Leo Panitch is a Distinguished Research Professor, renowned political economist, Marxist theorist and editor of the Socialist Register. He received a B.A. (Hons.) from the University of Manitoba in 1967 and a M.Sc.(Hons.) and PhD from the London School of Economics and Political Science in 1968 and 1974, respectively. He was a Lecturer, Assistant Professor, Associate Professor and Professor at Carleton University between 1972 and 1984. He has been a Professor of Political Science at York University since 1984. He was the Chair of the Department of Political Science at York from 1988-1994. He was the General Co-editor of State and Economic Life series, U. of T. Press, from 1979 to 1995 and is the Co-founder and a Board Member of Studies in Political Economy. He is also the author of numerous articles and books dealing with political science including The End of Parliamentary Socialism (1997).
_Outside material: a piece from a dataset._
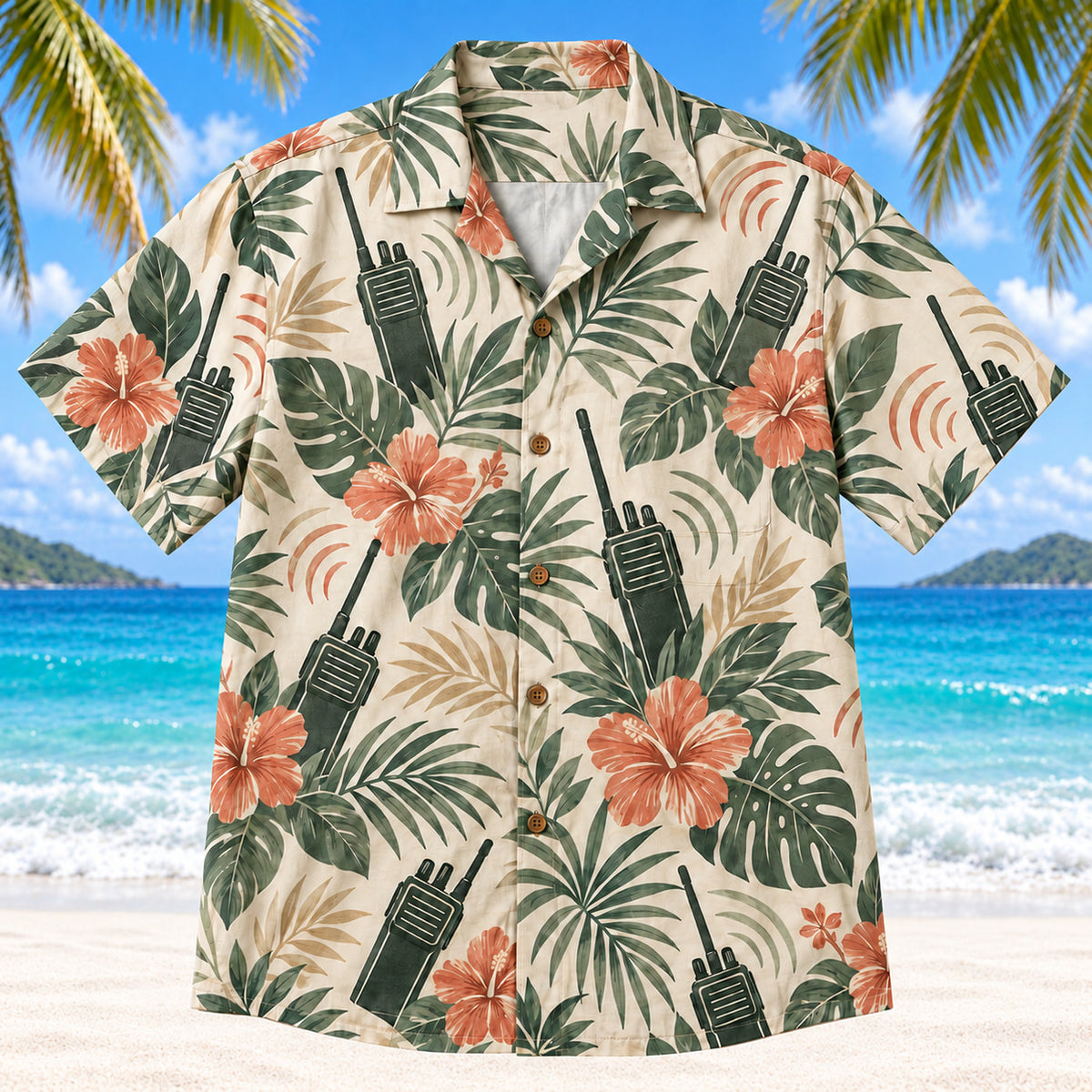 Radio Signal Sage EMT and Paramedic Hawaiian Shirt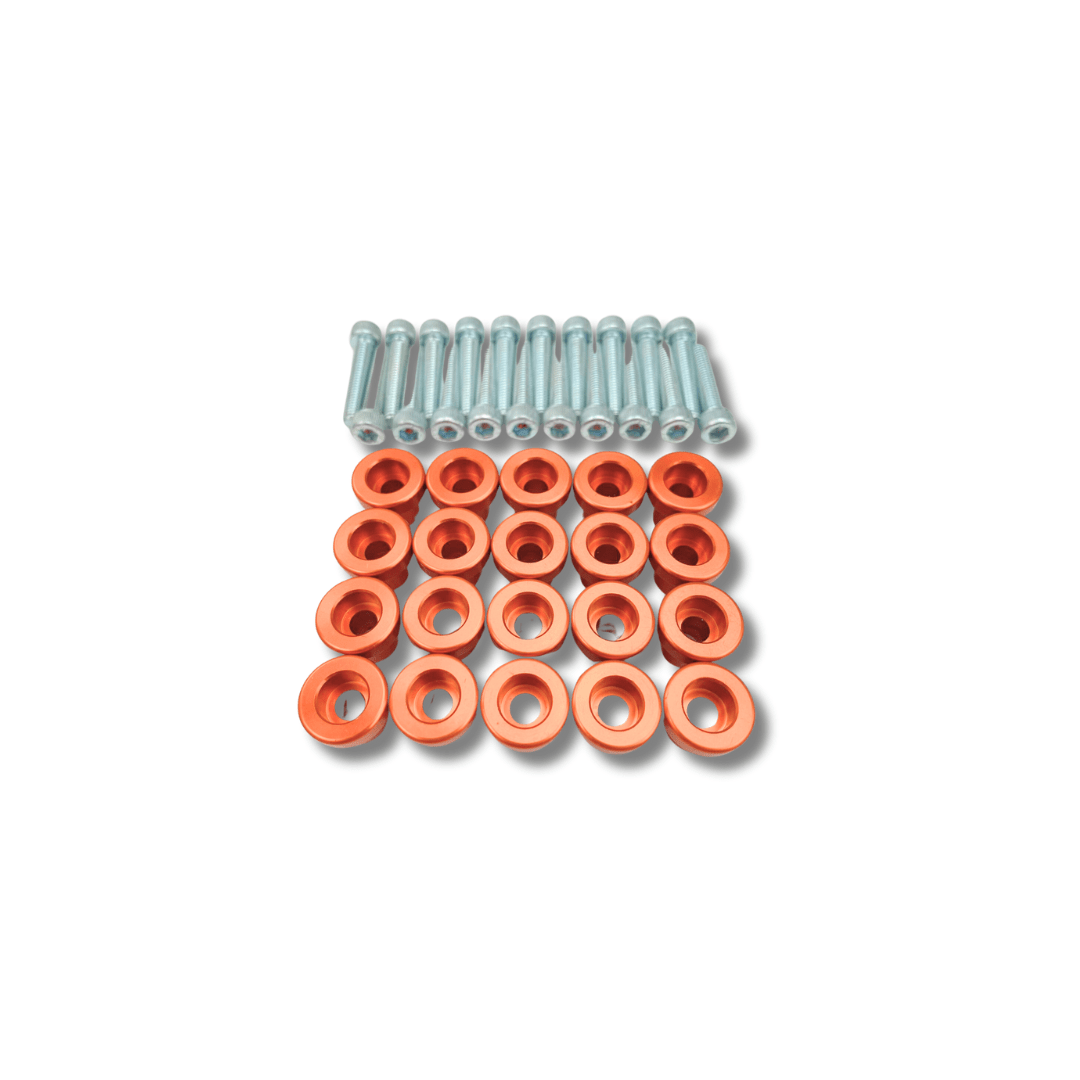 Platinum Racing Products Dress Up Washers Purple Rocker Cover Dress Up Bolt Kit to suit BMW N54 SR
He was a member of the Movement for an Independent and Socialist Canada, 1973-1975, the Ottawa Committee for Labour Action, 1975-1984, the Canadian Political Science Association, the Committee of Socialist Studies, the Marxist Institute and the Royal Society of Canada. He is currently a supporter of the Socialist Project.

Sam Gindin

Sam Gindin is a Canadian academic and intellectual who served as research director of the Canadian region of the United Auto Workers (UAW) union and later as chief economist and Assistant to the President of the Canadian Auto Workers (CAW) union after the latter became independent from its American parent organization. Gindin is a graduate of the University of Manitoba. He worked as a research officer for the New Democratic Party of Manitoba and later taught at the University of Prince Edward Island. He obtained his MA in economics from the University of Wisconsin-Madison, but while working on his PhD dissertation in 1974, he took up the position of first director of research for what was then the Canadian section of the UAW. He rose within the union and served as an assistant to both Bob White and Buzz Hargrove, where he participated in major collective bargaining, the formation of union and social policy, and strategic discussions on the structure and direction of the union. He also wrote a book on the history of the CAW entitled The Canadian Auto Workers: The Birth and Transformation of a Union. In 2000, Gindin retired from the CAW. He joined the faculty of York University in the Political Science department as Packer Visitor in Social Justice, where he continues to teach.